__INPUT__.
----
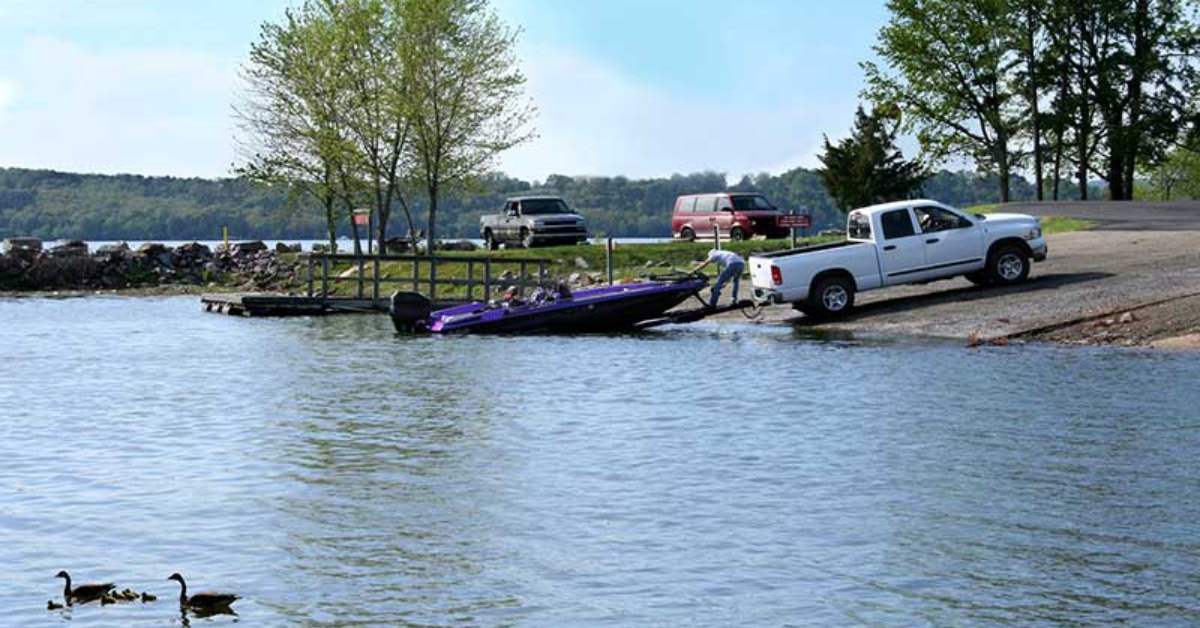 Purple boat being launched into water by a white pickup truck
----
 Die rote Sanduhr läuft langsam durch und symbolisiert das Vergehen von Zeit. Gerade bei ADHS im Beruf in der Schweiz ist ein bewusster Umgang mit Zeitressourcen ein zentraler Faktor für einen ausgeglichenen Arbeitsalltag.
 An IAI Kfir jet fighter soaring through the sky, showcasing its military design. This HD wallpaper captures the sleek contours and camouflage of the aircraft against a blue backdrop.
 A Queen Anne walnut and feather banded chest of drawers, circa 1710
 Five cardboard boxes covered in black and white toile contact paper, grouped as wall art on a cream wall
----
__WHAT THE EXERCISE ASKS__.
Which lines above run from the one containing "An IAI Kfir" down to the one containing "Five cardboard boxes"? Repeat exactly those, both ends included, and nothing else.

__EXERCISE RESPONSE__.
 An IAI Kfir jet fighter soaring through the sky, showcasing its military design. This HD wallpaper captures the sleek contours and camouflage of the aircraft against a blue backdrop.
 A Queen Anne walnut and feather banded chest of drawers, circa 1710
 Five cardboard boxes covered in black and white toile contact paper, grouped as wall art on a cream wall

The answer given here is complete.